Mouse Trouble

Mouse Trouble
Tom and Jerry series
The re-release poster of this cartoon.
Directed by William Hanna
Joseph Barbera
Produced by Fred Quimby (unc. on original issue)
Story by William Hanna
Joseph Barbera
Voices by Harry E. Lang and William Hanna
Sara Berner
(both uncredited)
Music by Scott Bradley
Animation by Ray Patterson
Irven Spence
Kenneth Muse (original credited as Ken Muse)
Pete Burness
Assistant animation:
Barney Posner (uncredited)
Studio MGM Cartoons
Distributed by Metro-Goldwyn-Mayer
Release date(s) November 23, 1944
December 12, 1951 (re-release)
Color process Technicolor
Running time 7:08
Language English
Preceded by Puttin' on the Dog
Followed by The Mouse Comes to Dinner

Mouse Trouble is a 1944 American one-reel animated cartoon short and is the 17th Tom and Jerry short produced by Fred Quimby and directed by William Hanna and Joseph Barbera, with music direction by Scott Bradley The cartoon was animated by Ray Patterson, Irven Spence, Ken Muse and Pete Burness. The cartoon won the 1944 Academy Award for Best Animated Short Film,[1] the second consecutive award bestowed upon the series. It was released in theatres on November 23, 1944 by Metro-Goldwyn Mayer and reissued on December 12, 1951.

Plot

After the postman puts a gift into Tom's mailbox, Tom opens the box and finds a book on how to catch mice and for the rest of the cartoon, he takes its advice to attempt to catch Jerry.

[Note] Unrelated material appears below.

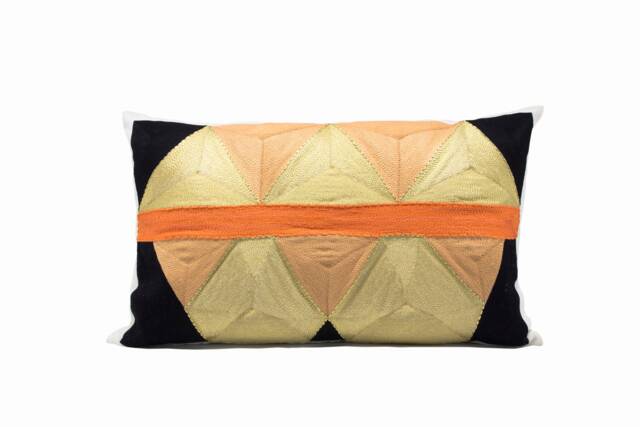 Zigzag Embroidered Pillow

The first thing the book suggests is to locate the mouse. Tom finds Jerry reading the book with him, but when he tries to grab Jerry, the mouse steps off the book and slams Tom's nose in it.

Tom sets out a simple mouse trap. Jerry, however, succeeds in freeing the cheese without setting the trap off. Shocked at the trap's failure, Tom tests it, and the trap snaps Tom's finger, which causes the cat to yell in pain as soon as he touches it. Tom then sets a snare trap around a piece of cheese and gets ready to pull the string but is distracted by a bowl of cream substituted for the cheese by Jerry, who activates the trap, sending the cat out to the tree himself.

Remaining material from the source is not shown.